Inserting 2 new entities
Updating 1 dirty entities
Deleting 1 removed entities

Key Participants

  • Anti-Corruption Layer: Coordinates tracking and persistence of changes.
  • Entity: The domain object being tracked.
  • Client: Code that uses the Anti-Corruption Layer.
  • Data Mapper: Handles actual database operations.

Real-World Examples

  • DodaTech uses this pattern internally for consistent cross-cutting concerns.
  • Major frameworks and libraries implement this pattern as a core architectural element.
  • Production systems at scale depend on this pattern for reliability.
  • Adapter

  • Facade

  • Published Language

  • Open Host Service

  • Design Patterns — the complete patterns catalog.

Pros and Cons

Pros Cons
Provides a clean, reusable solution to a common problem Can introduce unnecessary complexity for simple problems
Improves code maintainability and readability May reduce performance due to additional abstraction layers
Establishes a shared vocabulary for developers Requires team familiarity with the pattern
Reduces development time through proven solutions Overuse can lead to overly abstract, hard-to-follow code

Common Mistakes

  1. **Over-engineering: Applying Anti-Corruption Layer where a simpler solution suffices, adding unnecessary complexity.
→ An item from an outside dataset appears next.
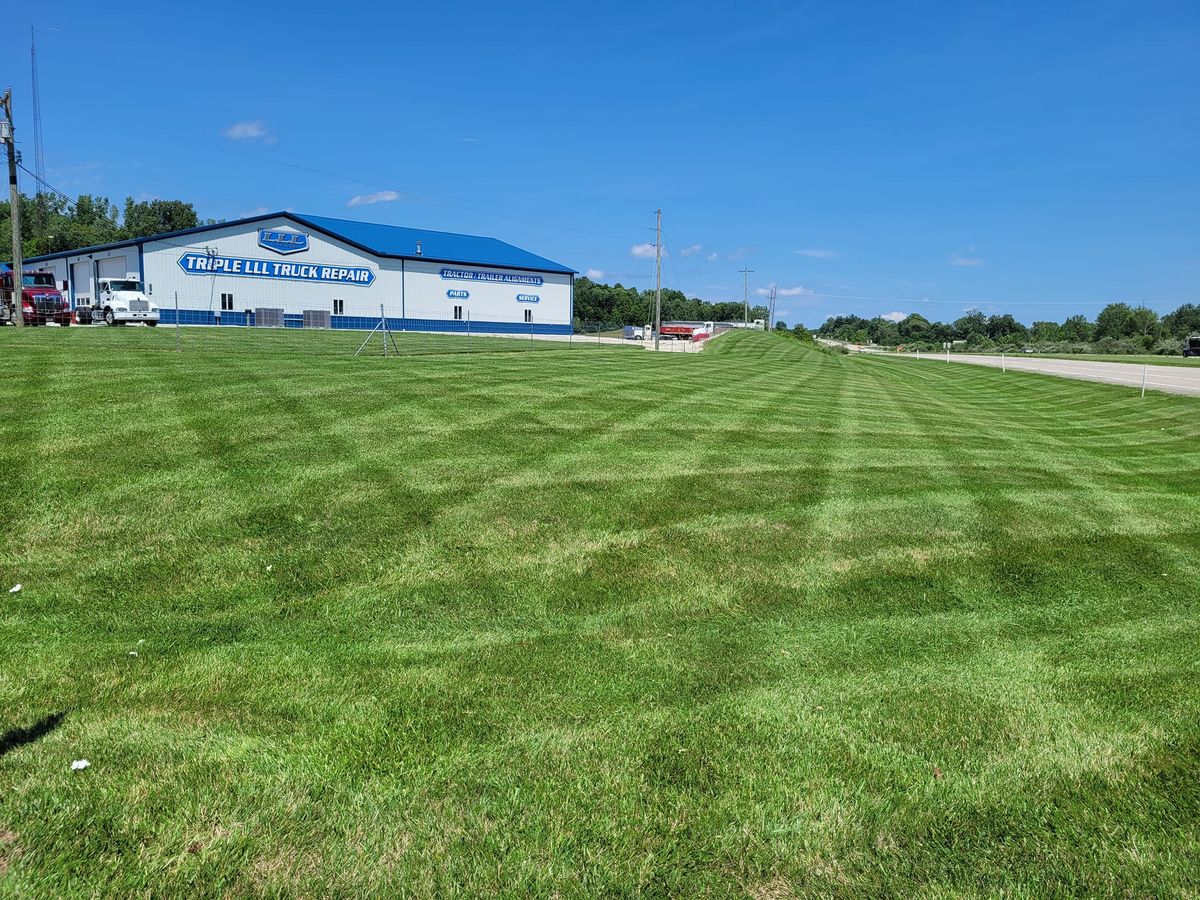 Lawn Maintenance for Stout Mowing & Services LLC in Huntington, IN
  2. **Wrong granularity: Implementing Anti-Corruption Layer at the wrong level of abstraction.

  3. **Thread Safety ignored: Using Anti-Corruption Layer in concurrent context without proper synchronization.
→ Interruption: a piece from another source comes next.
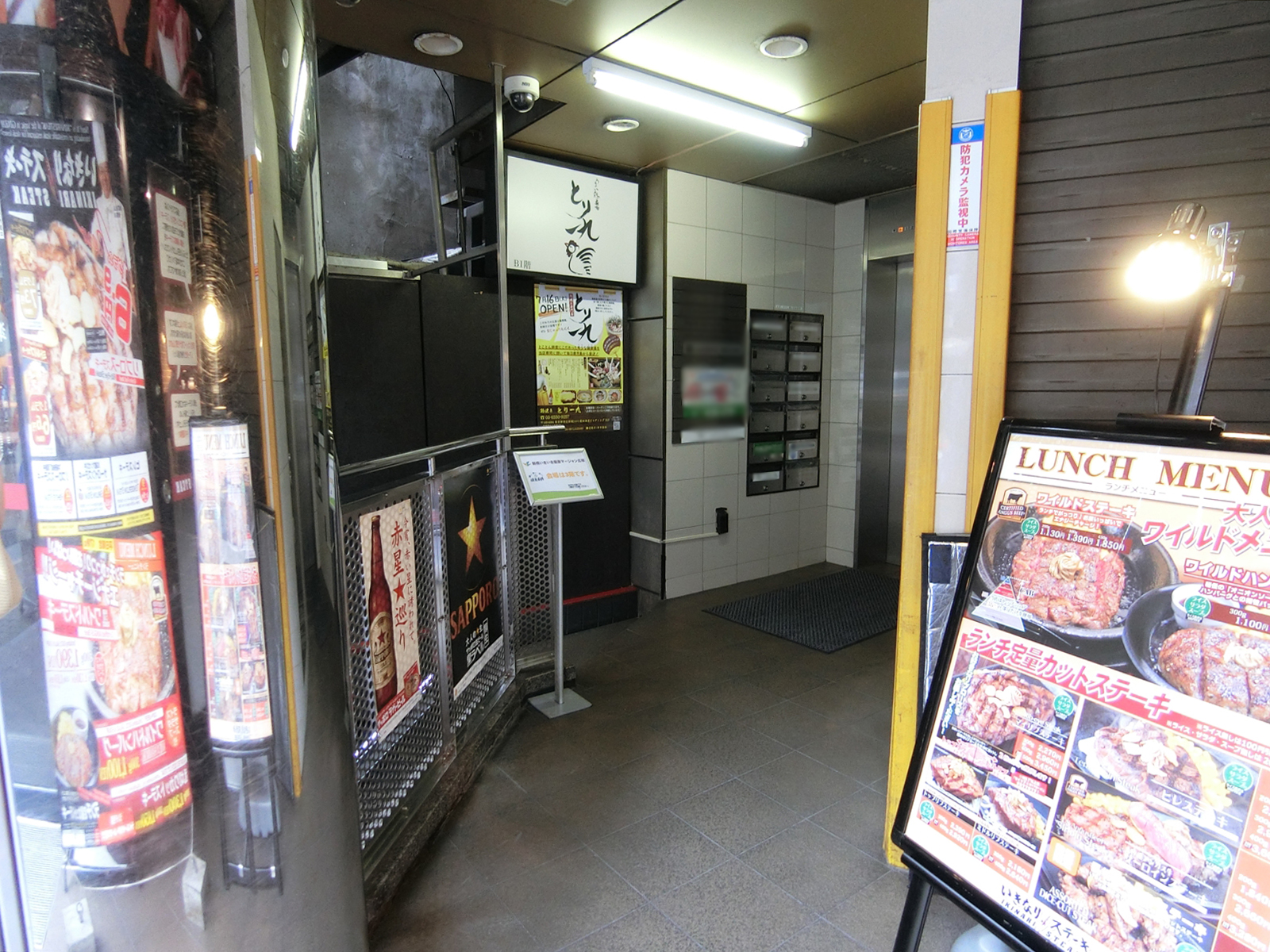 オフィスビル出入り口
  4. **Tight coupling: Violating the pattern intent by creating hidden dependencies.

  5. **Premature optimization: Introducing Anti-Corruption Layer before there is evidence it is needed.

Practice Questions

  1. What problem does the Anti-Corruption Layer pattern solve? Describe a real-world scenario where using it improves code quality.

  2. How does Anti-Corruption Layer differ from alternative approaches? What are the trade-offs?

  3. What testing Strategy would you use for code that implements Anti-Corruption Layer?

  4. How would you refactor legacy code to introduce Anti-Corruption Layer?

  5. When should you NOT use Anti-Corruption Layer? Describe scenarios where it adds unnecessary complexity.

Challenge

Implement a complete Anti-Corruption Layer example in Python with unit tests. Include error handling, edge cases (empty data, null values, concurrent access), and a performance comparison against a simpler alternative. Document your design decisions.

Real-World Task

Find a section of code in your current project that could benefit from the Anti-Corruption Layer pattern. Refactor it, write tests, and measure the improvement in testability, coupling, and cohesion.

Security Tip: When implementing Anti-Corruption Layer, ensure proper input validation, avoid exposing internal state, and follow Least Privilege. At DodaTech, all implementations undergo security review.